Marathon Oil (MRO 10.59%) is currently the most widely held oil stock on popular trading app Robinhood. More than 190,000 traders own shares, putting it ahead of well-known peers like energy behemoth ExxonMobil. Fueling the company's popularity among the service's traders are its low-priced stock -- shares currently fetch less than $6 apiece -- and its upside potential if crude prices head higher.
The company highlighted that potential in its second-quarter earnings report Wednesday, where it detailed its current cash flow breakeven levels for the balance of this year and 2021. Those numbers are well below where oil is trading now, which suggests Marathon is in position to produce a gusher of cash in the coming year.
Drilling down into the report
There's no way to sugar coat things. Marathon's second-quarter numbers weren't pretty. The company posted an adjusted loss of $477 million as its production declined by 5% year over year. It only generated $9 million in net cash from operations, which didn't come close to covering the $137 million it spent on capital projects.
The culprit, of course, was lower oil prices -- crude crashed during the first quarter, bottomed out in late April, and remained low despite a rebound through the rest of the second quarter. Overall, Marathon realized an average of just $21.65 per barrel for its oil in the U.S., down 51% from the first quarter and 63% from the prior-year period. That forced the company to shut-in some of its wells during Q2 because it was cheaper to turn off the pumps than to have them continue producing.
However, the company made several other moves during the period that put it in a better position for the future. These included suspending its dividend, reducing capital expenses, and becoming even more efficient. The company also lowered its operating expenses, which pushed its U.S. unit production costs down to $4.09 per barrel of oil equivalent.
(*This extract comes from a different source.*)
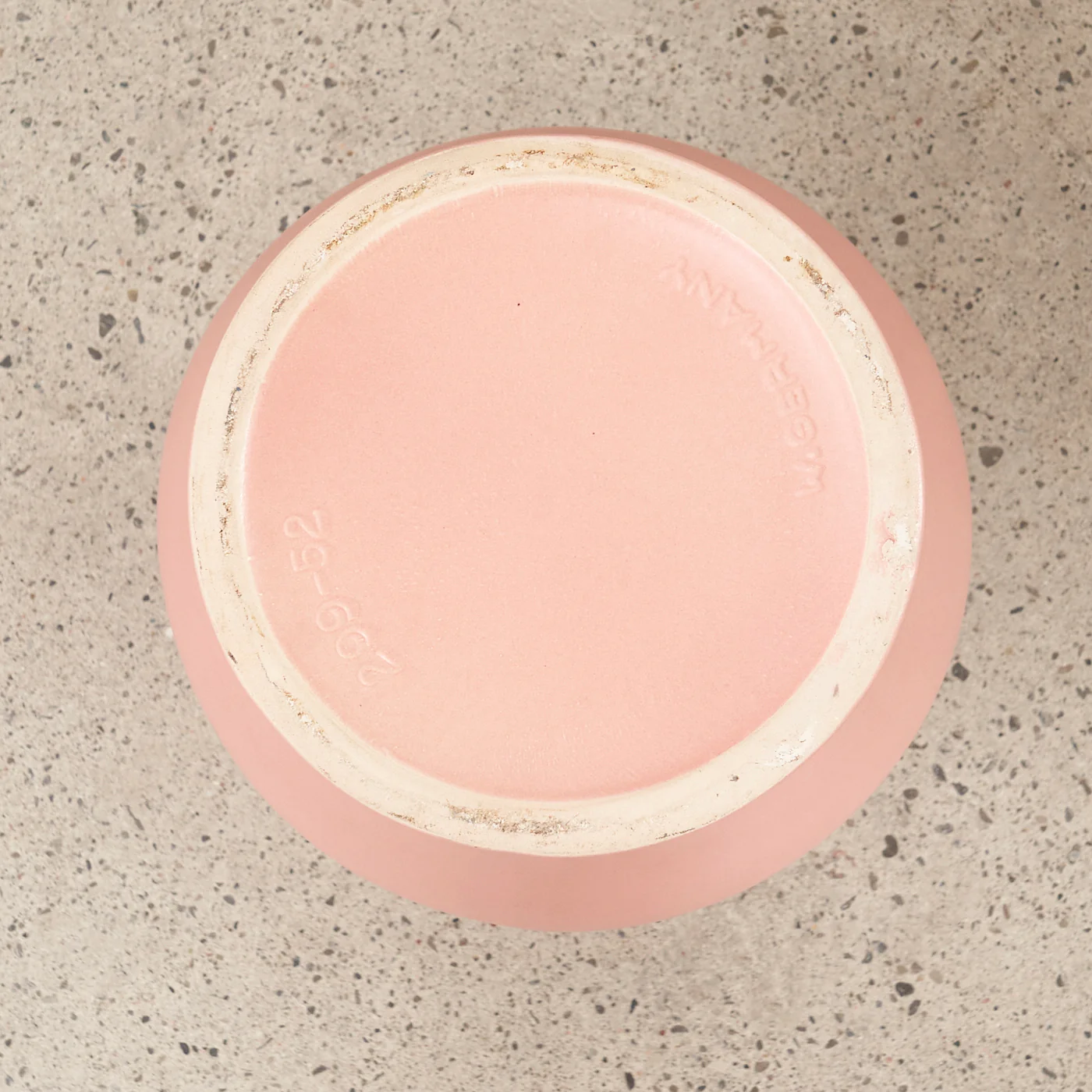 Large West German Vase - Image 4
That's its lowest level for that metric since the company spun off its refining and midstream assets in 2011. This all significantly reduced Marathon's cost structure, putting it in a better position to operate in a low-oil-price environment.
A look at what's ahead for Marathon Oil
Marathon currently estimates that it only needs the price of U.S. benchmark West Texas Intermediate (WTI) crude to be in the low $30s to support its current operations during the second half of this year. With WTI recently around $42 a barrel, Marathon is on track to generate free cash flow in the back half of this year. Meanwhile, the company believes it can produce enough cash at $35 a barrel in 2021 to maintain its year-end 2020 production rate throughout next year. While no one knows where prices will be next year, the oil futures market currently forecasts a $44 per barrel price for WTI next May. If that turns out to be accurate, Marathon should generate lots of free cash in the coming months.
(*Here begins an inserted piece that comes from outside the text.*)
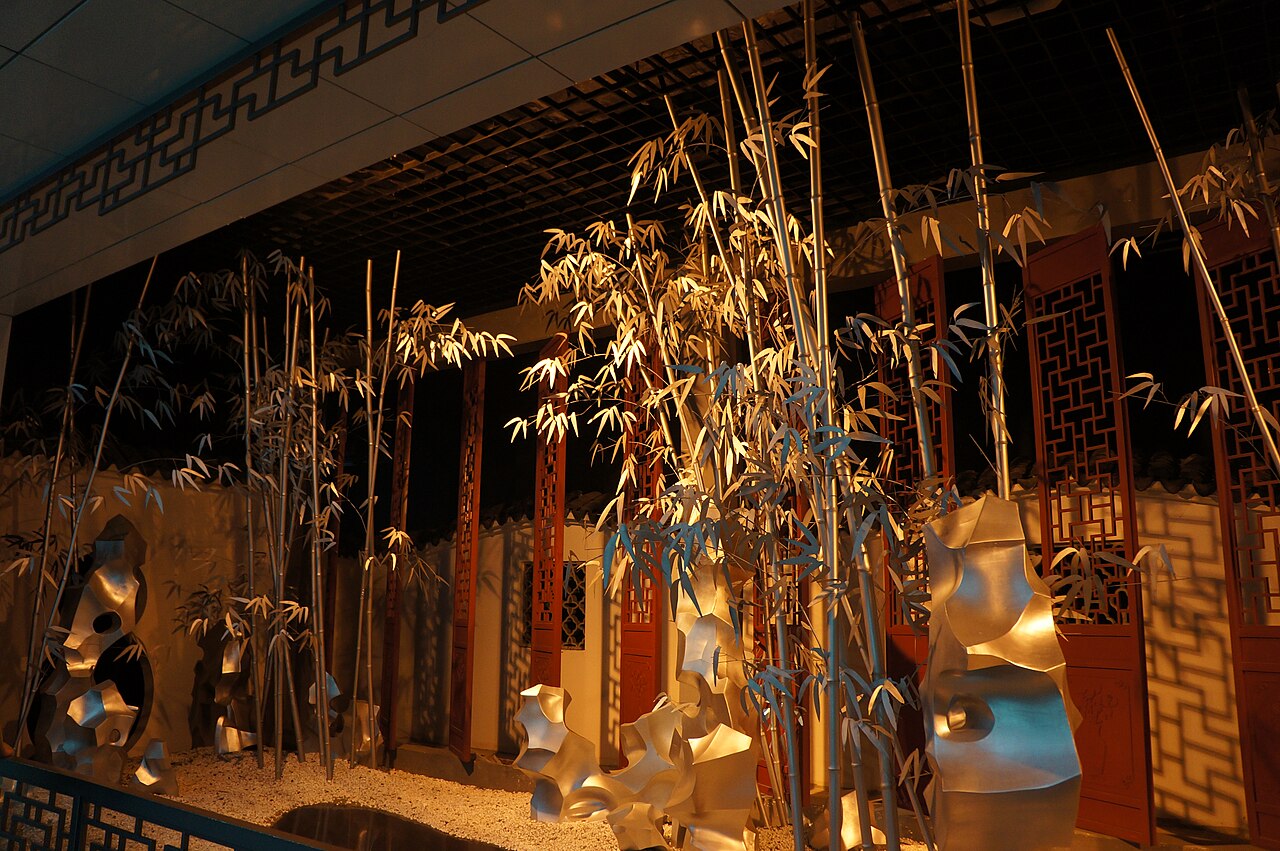 Classical Gardens of Suzhou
Marathon is already well-positioned when it comes to cash on hand, with the tally on its balance sheet rising to $611 million as of early July after it received a tax refund. With its business on track to produce free cash over the next few quarters at current oil prices, that number could keep rising.
Marathon has lots of options when it comes to what to do with these funds. It could invest in expanding its operations by drilling more wells or acquiring producing wells and drillable land. It could also pay down debt -- it had $5.5 billion outstanding at the end of June -- though none of it matures until 2022. Finally, it could start returning cash to investors again by reinstating the dividend and restarting its share repurchase program. With its stock price down by about 58% year to date, a buyback could retire a significant number of shares, which could boost the price.
Loads of upside potential if oil prices cooperate
Marathon Oil spent much of the second quarter resetting its business to run on much lower oil prices. Because of that, it can generate free cash during the second half of 2020 if oil prices stay above the low $30s. That puts it on track to cash in, since WTI crude is currently in the low $40s. That gusher of cash has the potential to fuel a rally in the share price, especially if Marathon uses some of this money to buy back its beaten-down stock.